Namun meski pun tidak seluruh Muspida menyetujuinya, Kadrie Oening tetap dengan pendiriannya : “becak harus lenyap dari Samarinda”. Tentu saja menuntut juga keberanian dan ketegasan untuk dapat melaksanakan, meski pun secara bertahap. Yakni tahap pertama  (dari 1 Agustus 19 s/d 30 September 1974, selama 2 bulan), dimulai jalan –jalan protokol yang di “bebas becak”kan, disusul tahap kedua (dari 1 Oktober  s/d 31 Desember 1974, selama 3 bulan) seluruh jalan dalam kota. Selanjutnya sejak 1 Januari 1975, berlaku tahap ketiga atau terakhir, yakni seluruh kota bahkan sluruh Kotamadya Samarinda merupakan “daerah bebas becak” (DBB).

            Tidak kecil hambatan yang dihadapi Walikota Kadrie Oening dalam melaksanakan apa saja yang sudah menjadi “kebulatan tekad”nya itu. Di antaranya ratusan abang becak pernah mengadakan unjuk rasa (demonstrasi) ke Balaikota supaya menghapuskan becak setidak-tidaknya ditangguhkan (ditunda) pelaksanaannya. Namun Kadrie Oening  dengan keberanian moril dan kekuatan mental yang dimilikinya, siap menghadapinya, yang akhirnya menyebabkan unjuk rasa itu mundur secara teratur”. Sebab dalam kebijaksanaannya menghapuskan kendaraan beroda tiga yang digerakkan dengan tenaga manusia itu, Walikota tidak menghapuskan begitu saja, melainkan sebagai “jalan keluar”nya dia mengajukan beberapa aternatif yang tidak “mematikan” mata pencaharian para bekas pengemudinya (abang becak).

            SAMARINDA “KOTA BECAK “- Sejak 1 Januari 1975 becak yang selama beberapa puluh tahun sejak zaman Hindia Belanda mendominasi jalan-jalan di Samarinda, sudah nampak tidak ada lagi beroperasi. Padahal Samarinda pernah dikenal sebagai “kota Becak” karena saking banyaknya jenis alat angkutan penumpang tersebut.

Demikianlah, sejak 1 Januari 1975 lalu, becak yang selama beberapa puluh tahun sejak zaman Hindia Belanda mendominasi jalan-jalan di Samarinda, sehingga Samarinda pernah dikenal sebagai “kota Becak” saking banyaknya jenis alat angkutan penumpang tersebut, tidak nampak lagi beroperasi.
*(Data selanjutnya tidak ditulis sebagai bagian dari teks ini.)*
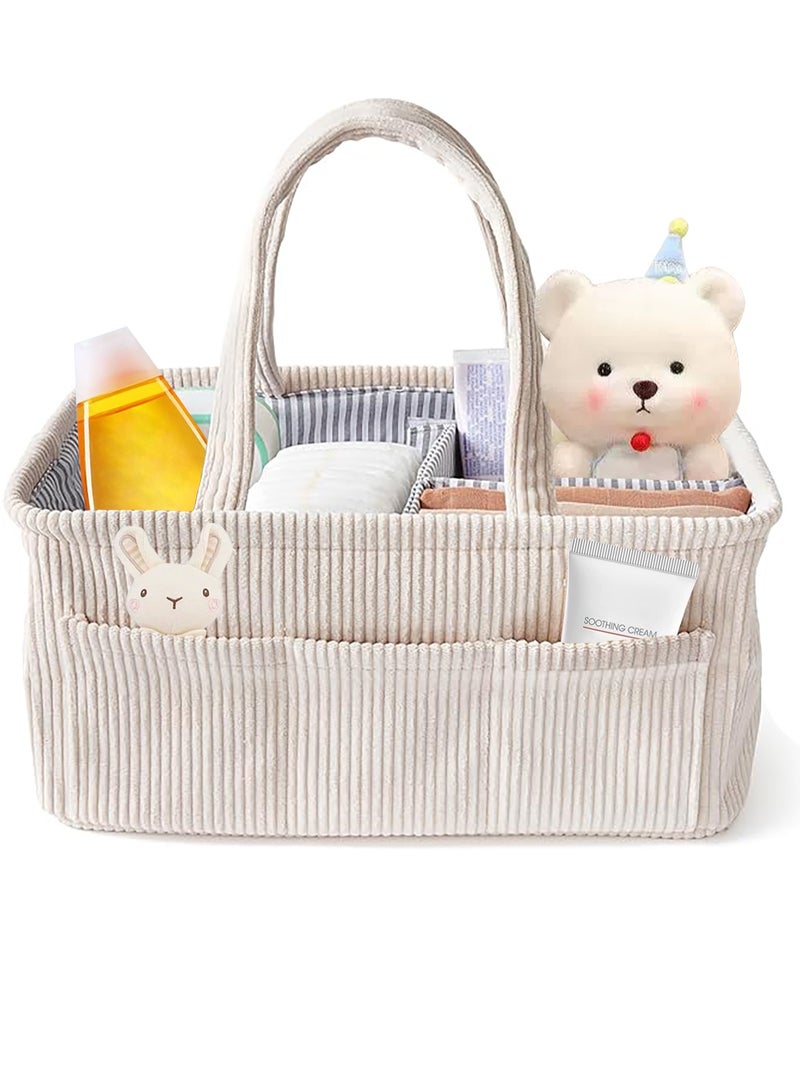 Baby Diaper Caddy Organizer Nursery Storage Bin & Portable Organizer for Diapers & Baby Wipes - Newborn Essentials & Car Caddy Organizer - Image 1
Tidak saja di Samarinda Kota, tetapi meliputi seluruh kotamadya Samarinda. Padahal di Jakarta sendiri sampai sekarang Pemerintah Daerahnya (DKI) belum berhasil menghapuskan  becak.

Samarinda termasuk kota pertama yang menghapuskan becak di Indonesia. Karena ketegasan dan keberanian Walikota Komas (Kotamadya Samarinda) HM Kadrie Oening.

            Mungkin atau dapat dipastikan Samarinda adalah kota pertama di seluruh Indonesia (yang mempunyai becak) yang berhasil menghapuskan jenis kendaraan yang tidak sesuai lagi dengan alam kemerdekaan. Dan ini adalah berkat ketegasan dan keberanian bertindak dari Walikotanya yang pada waktu itu dijabat oleh Haji. HM. Kadrie Oening yang telah almarhum pada 6 Juni lalu.